New IPB Behavior Causes High Load

Well, it's more complicated than that, but I can't come up with a good title.

So. This past Sunday, our forum at http://asoiaf.westeros.org/ received unprecedented levels of traffic thanks to the latest episode of the TV show based on the novels our site is about. Big, big load. And for the most part, our set up -- lighttpd+php-fpm, with Varnish set up for guests -- handled it okay. Note the server also hosts a popular Mediawiki which draws more visitors than the forum does.

But after Sunday... things got weird. I'm going to quote our valiant server host and admin:

The primary issue at present is that PHP-FPM is bumping up against memory limits; it's demonstrably the issue, as it's logging the fact. If I turn up PHP-FPM's memory allocation, MySQL starts swapping things out and causing queries to run really slowly, which causes PHP-FPM to take forever to resolve searches and thus causes PHP-FPM to run out of available helper processes. Worse, in some cases PHP-FPM seems not to be recovering. If I dump PHP to caching to disk, we don't have the helper process starvation issue but the site runs reaaaaaaaally sloooooooow.

The obvious question at this point is why PHP-FPM has suddenly become memory-bound, when it had not been for weeks beforehand; that's the root issue from which all others have been springing. (Save the stale Varnish cache, which was just a ruleset we'd never triggered before.) Something has clearly changed in the way Invision is doing things — and it's definitely the board, not the wiki — but after several days of trying to track down what has changed in how Invision's doing things — including literally rolling back every memory file to Sunday's copy to see if that improved things — I'm ready to just take the easy way out and buy some breathing room by throwing memory at PHP-FPM.

So... any ideas as to what might have happened to start leading to this memory-chewing problem?
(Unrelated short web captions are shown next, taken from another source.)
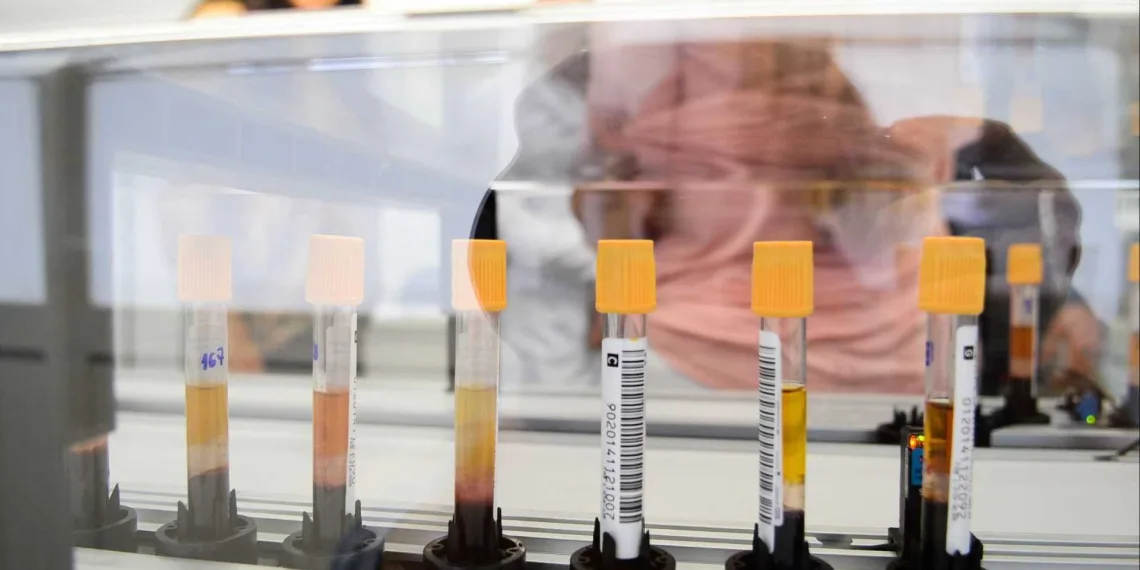 Febre amarela matou 84 pessoas no estado do Rio este ano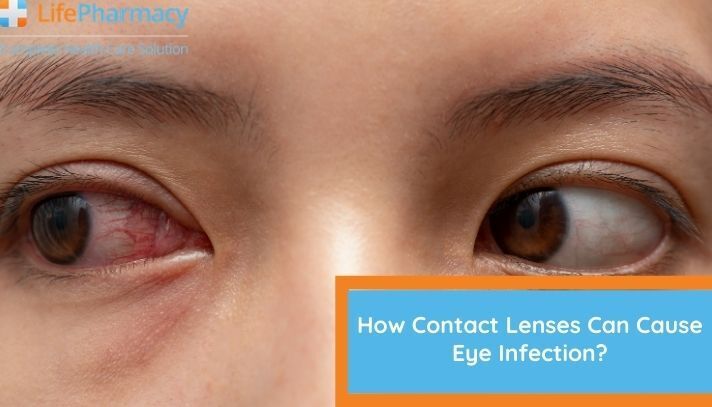 How Contact Lenses Can Cause Eye Infection?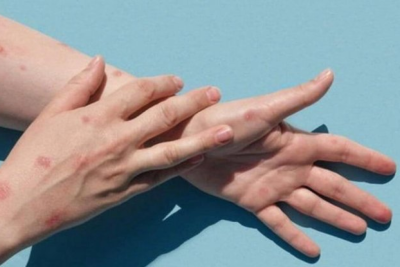 Meymunçiçəyinə yoluxan Azərbaycan vətəndaşının son vəziyyəti AÇIQLANDI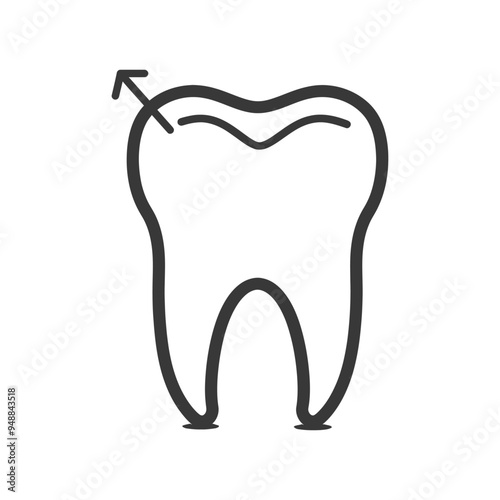 Tooth with Arrow Indicating Enamel Erosion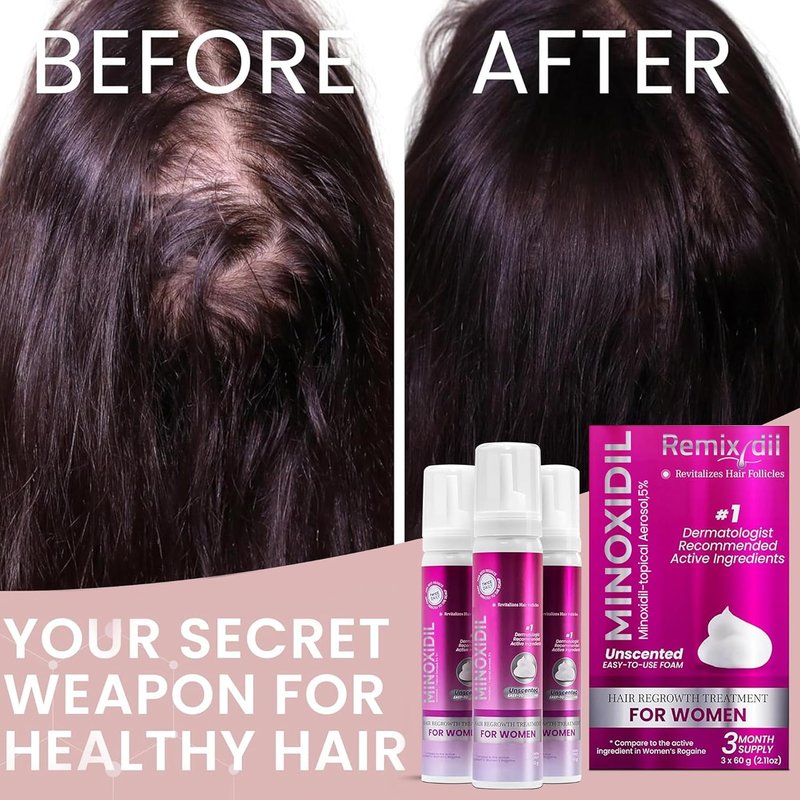 Minoxidil for Women - 5% Hair Growth Foam | Unscented, Dermatologist Recommended | 3-Month Supply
I've done no installs of mods or upgrades in the intervening time, so it's not that.

The only thing I can think of is that the database has simply gotten large enough that it takes too long for IPB to deal with it, which leads to a cascade effect as PHP processes pile up waiting for MySQL queries to finish. I can certainly prune the forum significantly -- it's long over due -- but if there are other ideas, I'd be interested in hearing them.

The obvious fix right now is to get more memory installed (from 2GB to 4GB) but it bothers me that we don't really know why this is suddenly necessary.
I'm afraid I'm not sure what more information might be useful! I guess the thing is that it has been enough for weeks, and suddenly... it isn't.

That doesn't sound like normal behavior. Do we blame gremlins? We hadn't changed anything about the site configuration from one day to the next, so far as we know. Even yesterday, our slowest day where traffic simply wasn't all that high, we had issues with having to kick PHP-FPM every once in awhile because of whatever it is the forum is doing.

That said, we're planning to upgrade the RAM. Just wanted to see if there's any idea for what could be causing the memory death-spiral.

As a random stab in the dark regarding configuration information, here's some of our output from the APC regarding configuration stuff. Afraid I'm not privy to the php-fpm conf file so I'm not sure what's set on that:

Oh, I forgot to update.... but I'll say you were looking in the right direction, Luis.

We decided to move to a brand new server (a much newer, more powerful one with 8GB of RAM)... and in the course of the move, our admin discovered that the disk controller was shot. Not so much that it failed completely, but under heavy load it would start repeating paging actions, leading to massive slow down of MySQL, which would then cascade through to PHP-FPM and then the memory would get eaten up by processes, start the process of off-loading to an already crippled disk...

So, that was what happened. That Sunday evening was the highest level of traffic we ever had, and it seems that it was too much for the server.

So, all solved.